Both sides in employment relationship should take heed to top court’s ruling on contracts
On Nov. 14, 2014, the Supreme Court of Canada released a landmark decision in Bhasin v. Hrynew, which recognized, for the first time, a general duty of honesty when performing a contract. This decision has significant ramifications for employers, employees, and the public at large, as this new duty applies to all contractual relationships.
Harish Bhasin and Larry Hrynew both operated businesses which sold education savings plans for Canadian American Financial Corp. (Can-Am).
Bhasin’s relationship with Can-Am was governed by a three-year fixed term contract that would automatically renew unless one of the parties gave six months’ notice to the contrary.
Hrynew wanted to capture Bhasin’s market and on multiple occasions proposed a merger of their two businesses. Bhasin rejected Hrynew’s proposals. Unable to secure a merger with Bhasin, Hrynew instead began to put pressure on Can-Am to not renew its contract with Bhasin.

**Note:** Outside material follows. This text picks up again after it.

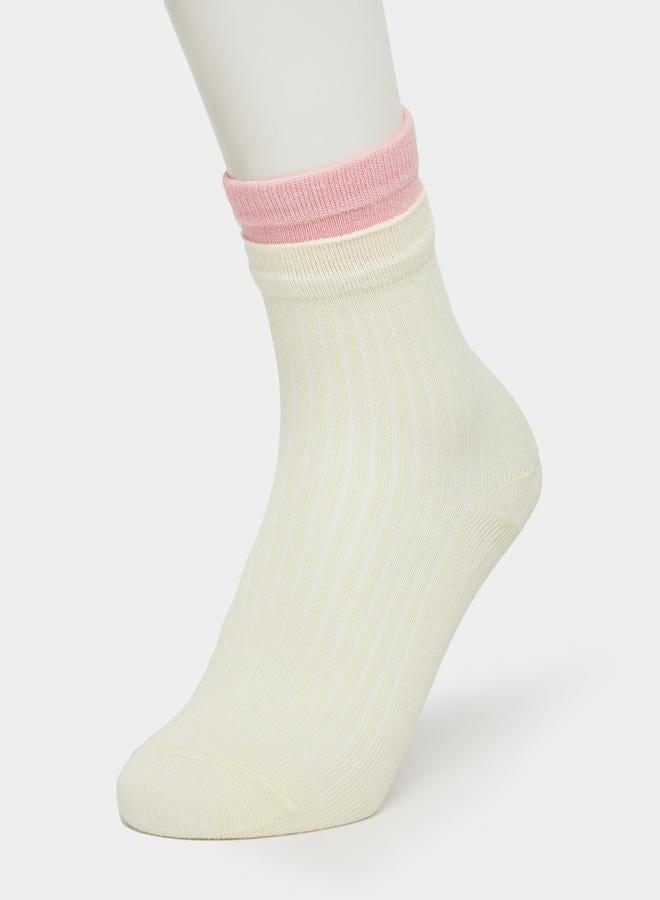Styli Pack of 5 - Kids Ribbed Ankle Socks - Image 4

Can-Am began to deal with Bhasin dishonestly and repeatedly misled him on a number of issues, including its future plans for his business. Ultimately, Can-Am provided Bhasin with written notice of its decision to terminate the contract.
After losing his contract with Can-Am, Bhasin’s business suffered greatly. Bhasin sued both Hrynew and Can-Am, alleging, among other things, that Can-Am breached an implied duty of good faith in their contract. While Bhasin was successful at trial, the decision was overturned by the Alberta Court of Appeal, which found no such duty existed. Bhasin appealed to the Supreme Court of Canada.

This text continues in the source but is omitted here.